Если бы Шерлок Холмс не был наделен таким ярким, колоритным характером, вряд ли почитатели его приключений вот уже второе столетие перечитывали бы несколько десятков рассказов о нем, вряд ли Холмс стал бы фигурой не только культовой, но и мифической. Его черты \"Конан Дойл вдалбливает в сознание читателей с тем же упорством, с каким мастера рекламы превозносят мыло, пиво или сигареты, — ворчливо замечал Моэм, но и он был вынужден признать триумф ненавистных ему писателя и героя. — И с не менее прибыльными результатами\".

 А ведь результаты и впрямь налицо! Преступность в Лондоне заметно снизилась. Социального взрыва не произошло. И если не сам мистер Холмс, фигура мифическая, стал виновником этого торжества справедливости, то его многочисленные коллеги, полисмены — они лишили Лондон звания \"столицы преступного мира\". Когда подобное скажем мы о Москве или \"бандитском Петербурге\"?

Конан Дойл придумал Шерлока Холмса и доктора Ватсона в 1887 году. Они стали персонажами его повести \"Этюд в багровых тонах\". Повесть не принесла ожидаемого успеха, и эта неудача натолкнула автора на мысль, что он выбрал неверную форму. Детективные истории должны быть емкими и короткими. Для них лучше всего подходит форма рассказа. Приключения надо пересказывать увлекательно. Тогда, взяв за образец новеллы Эдгара По, британский прозаик написал несколько рассказов о Шерлоке Холмсе. Первый из них — \"Скандал в Богемии\" — появился в июле 1891 года.
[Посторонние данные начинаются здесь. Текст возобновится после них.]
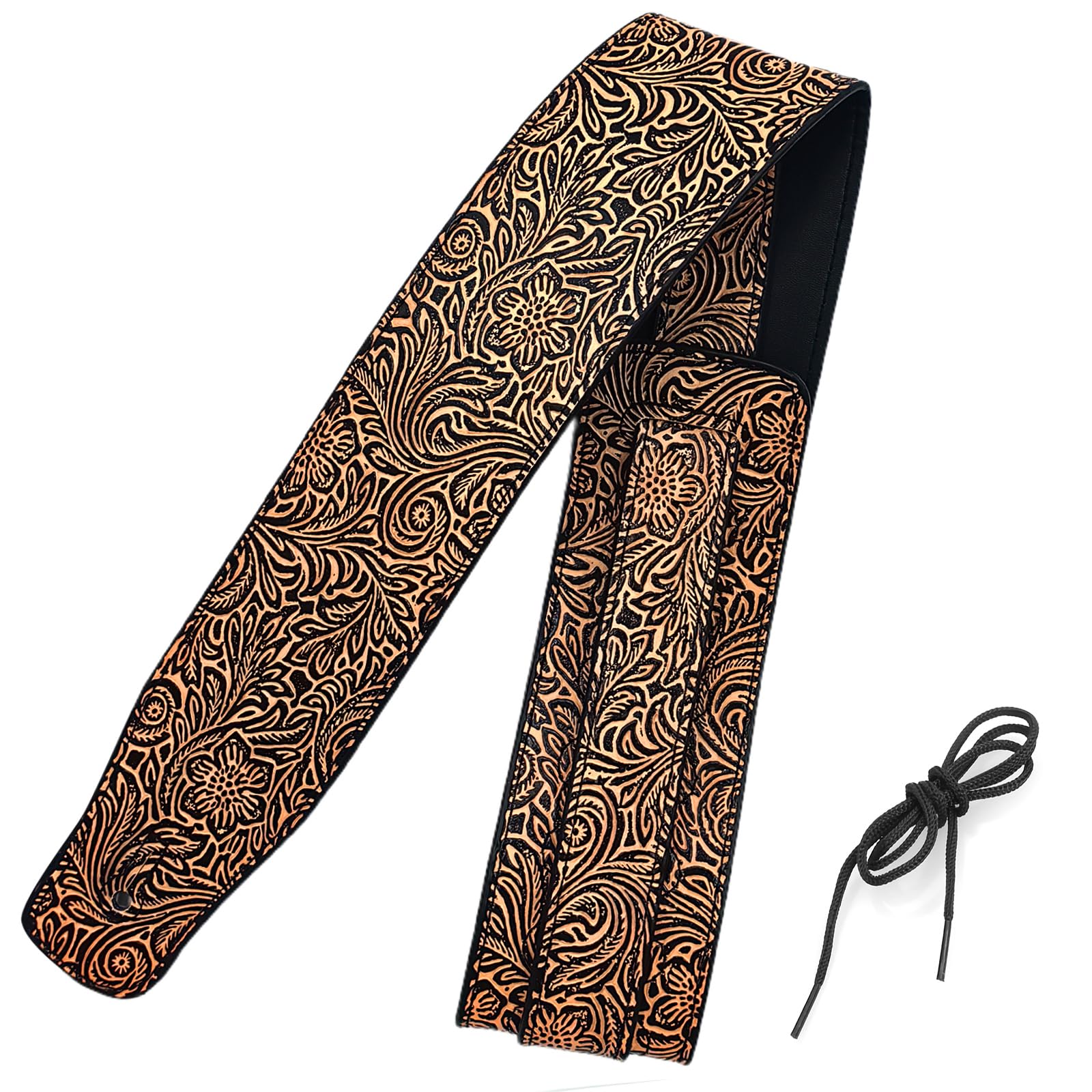 Musiin Premium Guitar Strap Classic Style Pattern Guitar Strap Set for Bass, Electric & Acoustic Guitar (Gold Leather)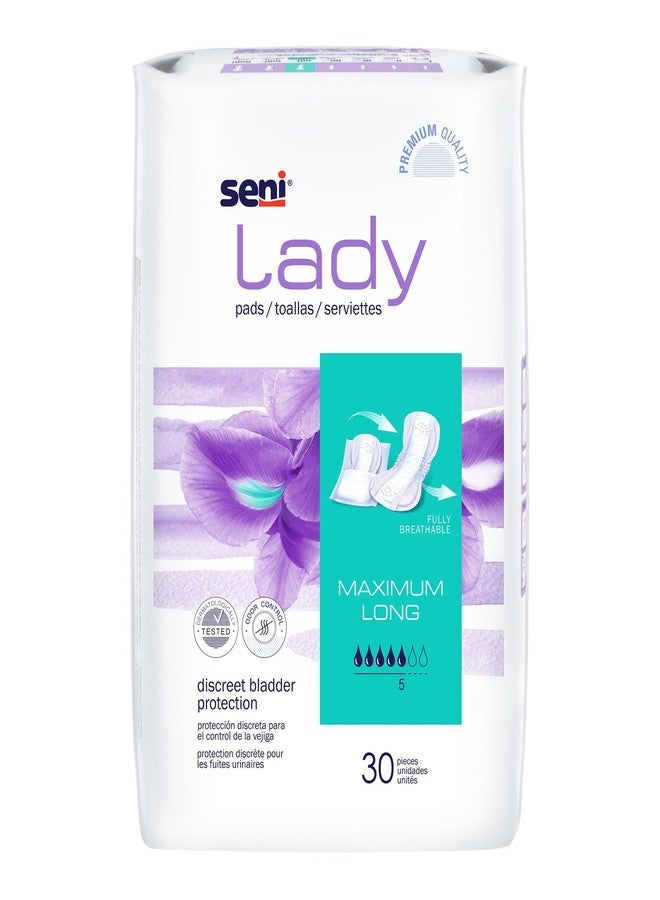 Seni Lady Discrete Bladder Control Pads with Adhesive Strip, 30 Count (1 Pack of 30), Maximum Absorbency Level, Long, 11" Length with Super Absorbent Core and Odor Control - Image 1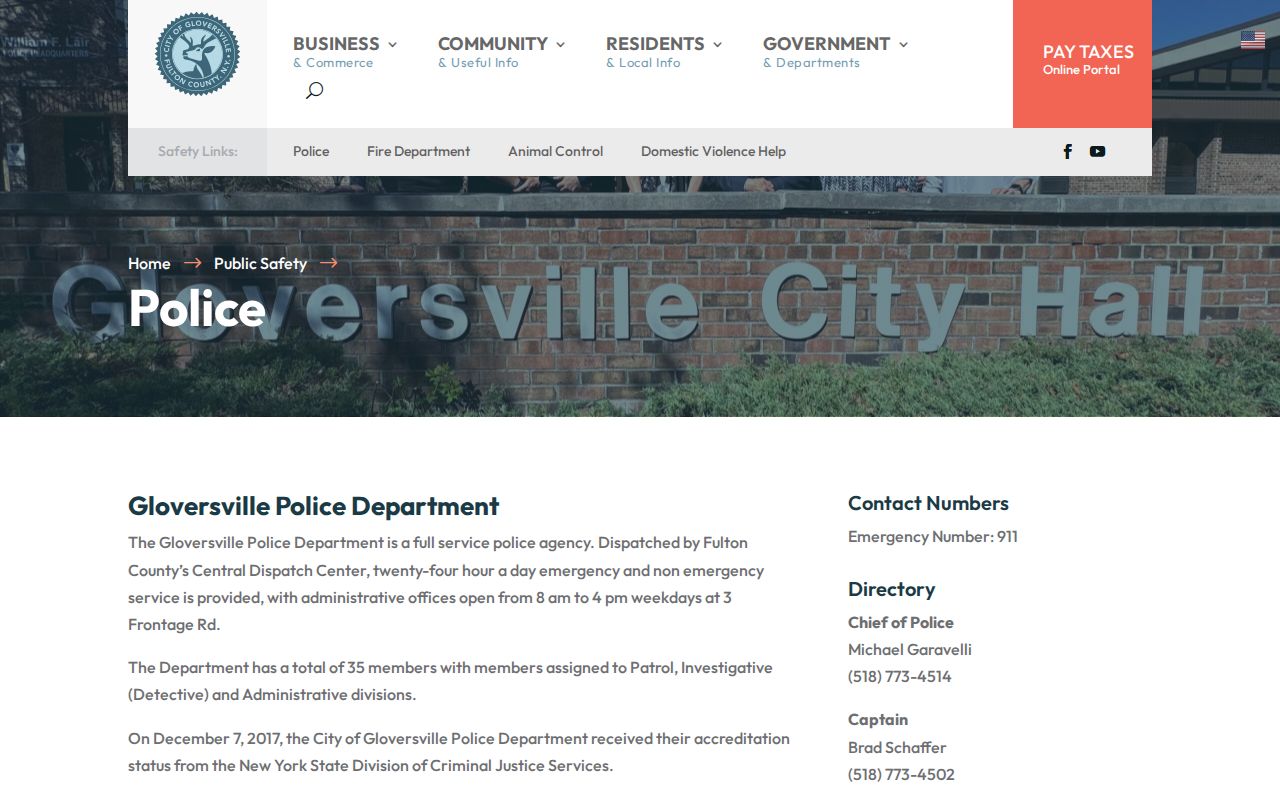Gloversville criminal history Police Department official page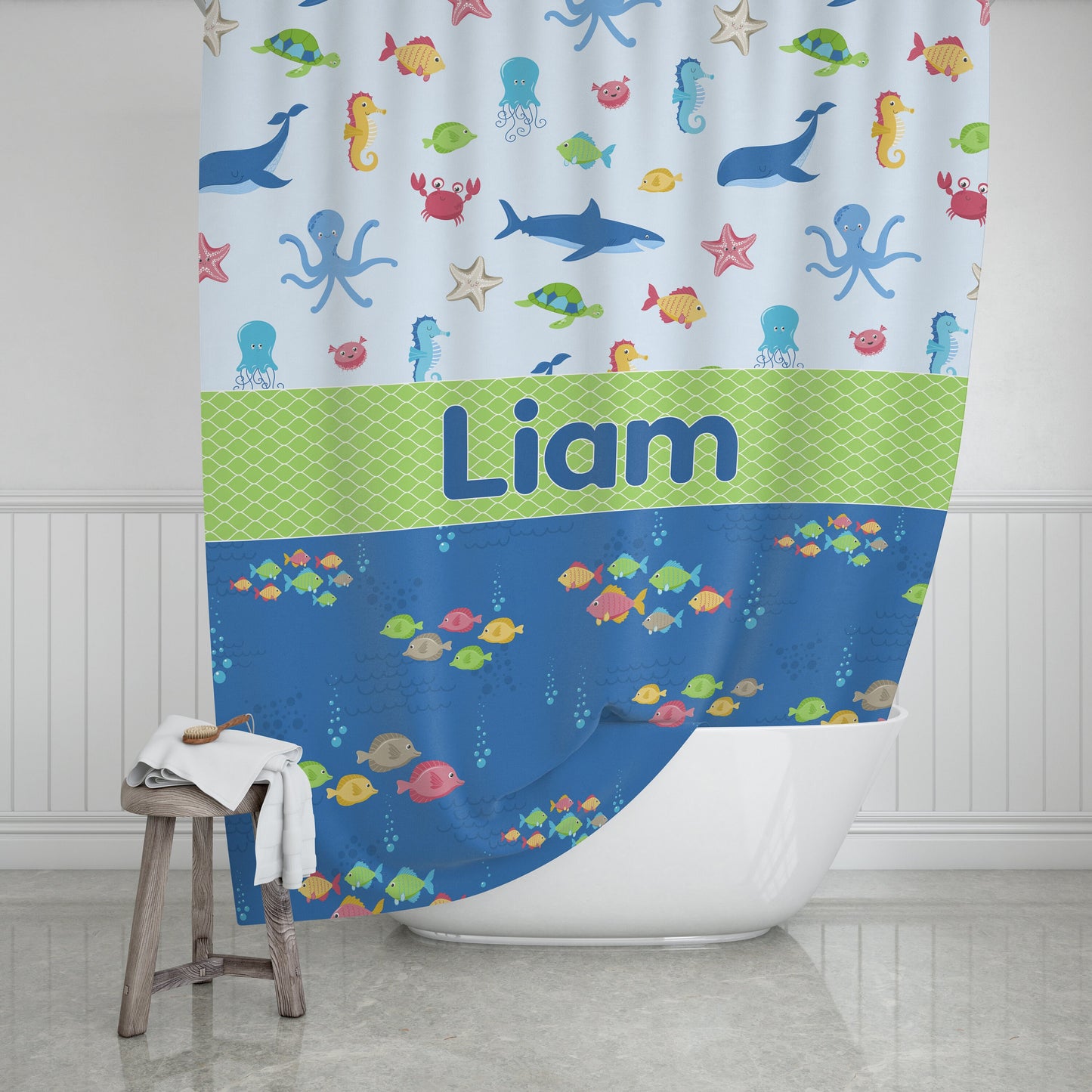 Custom Kids Name Shower Curtain Personalized shower curtains customized ocean bathroom cute fish underwater blue green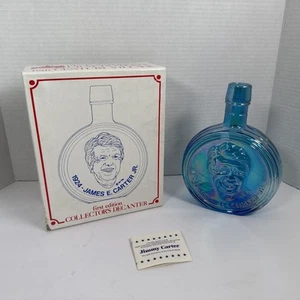 Jimmy Carter Decanter Presidential 1st Edition Wheaton Village Blue Glass - Picture 1 of 5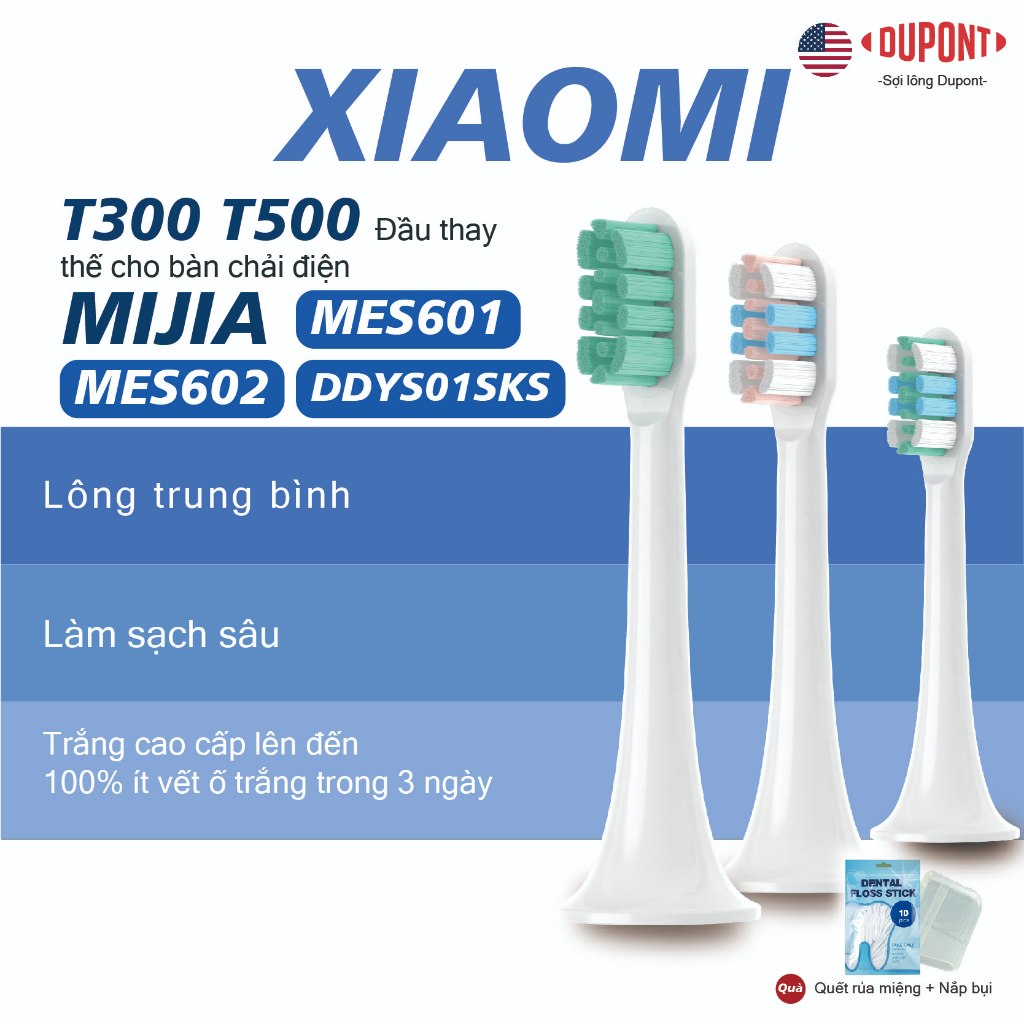 Đầu Bàn Chải Thay Thế Cho Bàn Chải Đánh Răng Xiaomi Mijia T300 T500 MES601 MES602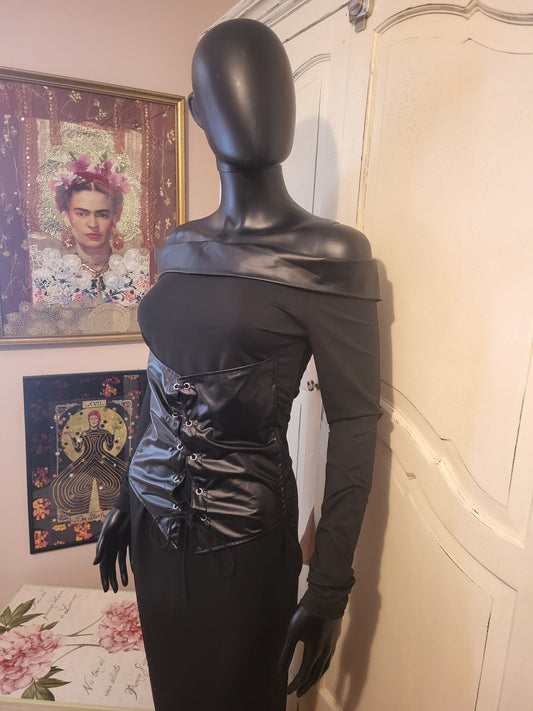 Gothic Off-Shoulder Corset Detail Midi Dress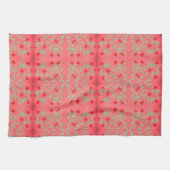 赤とピンクとミントグリーンの花タオル キッチンタオル (横)
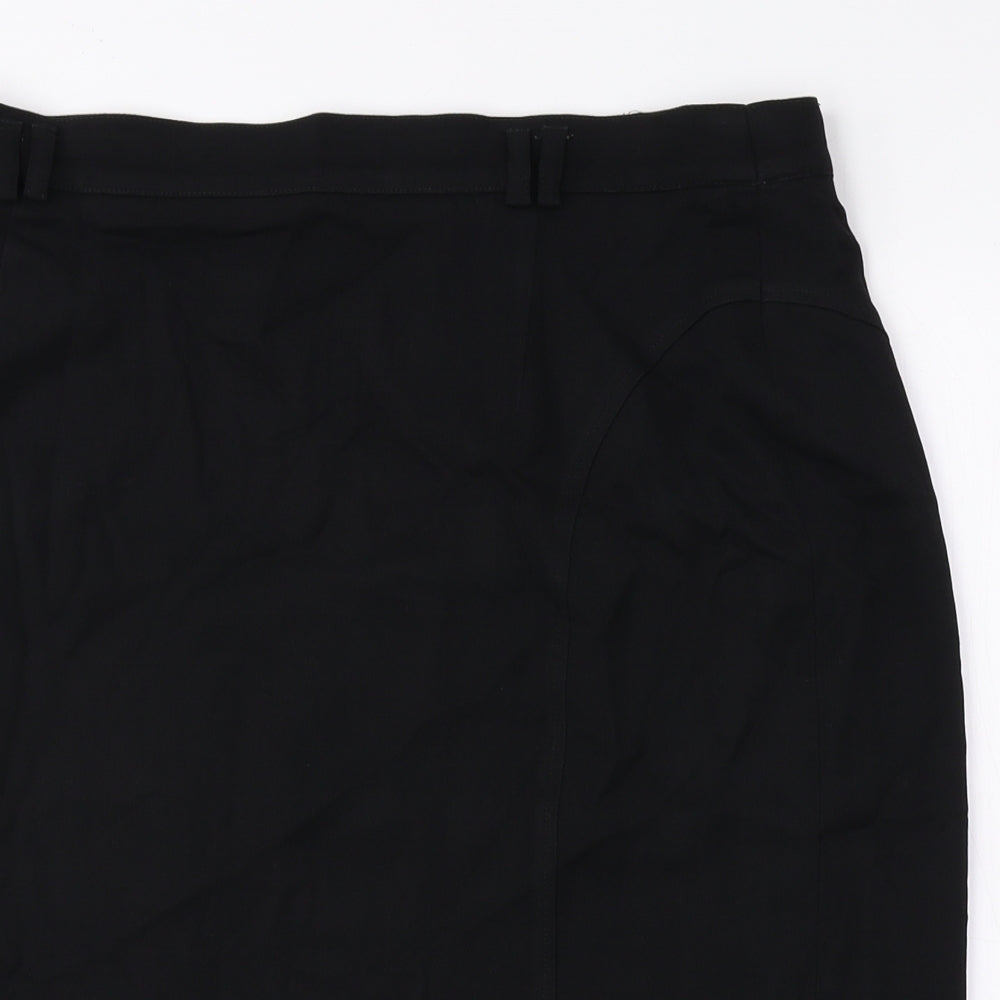 Gerry Weber Womens Black Polyester Straight & Pencil Skirt Size 16 Zip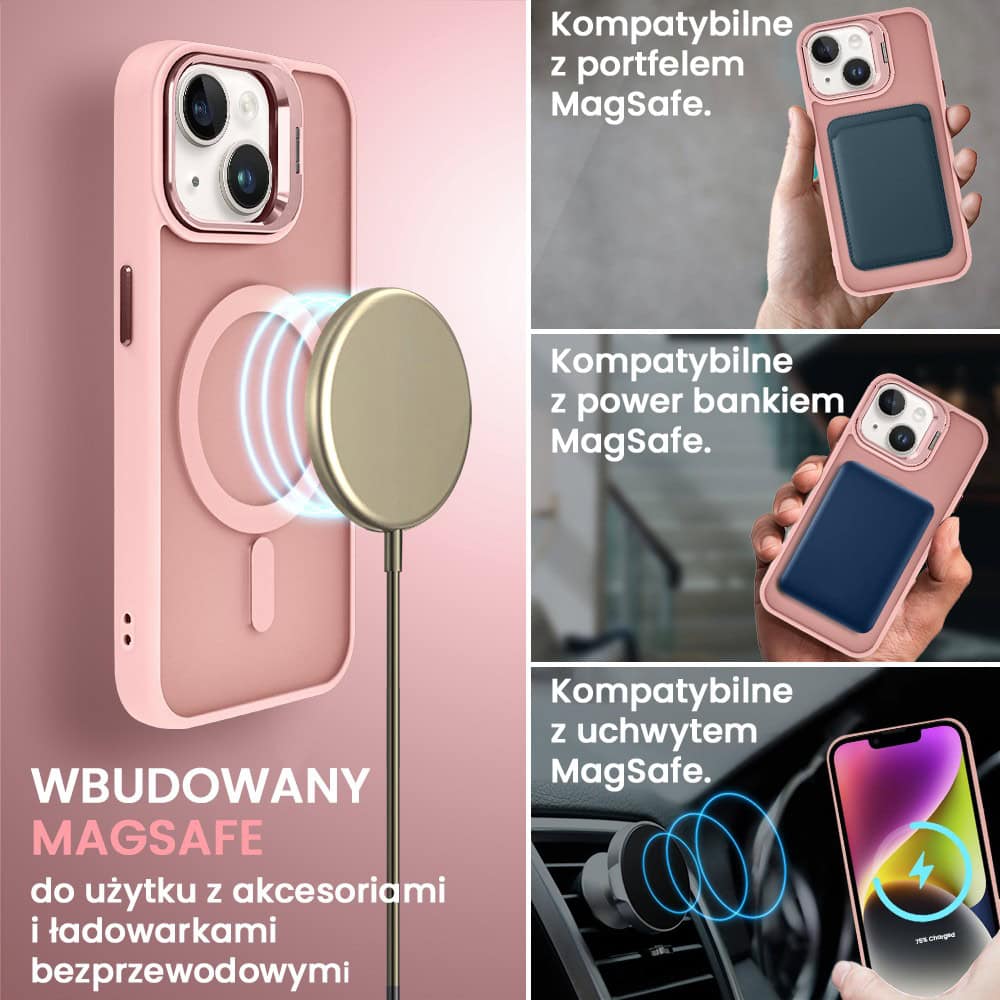 Etui do iPhone 14 Arctic Stand, półprzeźroczyste, z osłoną aparatu i podstawką, różowe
Эти рассказы принесли Конан Дойлу успех.

Впрочем, писателю быстро надоел его проницательный персонаж. Конан Дойл считал детективный жанр низким, второсортным, ему хотелось писать историческую прозу. Уже в 1893 году появляется рассказ \"Последнее дело Холмса\". На последней странице читателя ждал неприятный сюрприз. Его любимый герой упал в пропасть, где навеки осталось лежать тело \"искуснейшего поборника правосудия своего времени\".

Этот грустный финал возмутил даже королеву Викторию. Читатели постоянно протестовали, и наконец восемь лет спустя писатель воскресил своего героя. Последний рассказ о приключениях Холмса был опубликован в 1927 году, всего за три года до смерти Конан Дойла.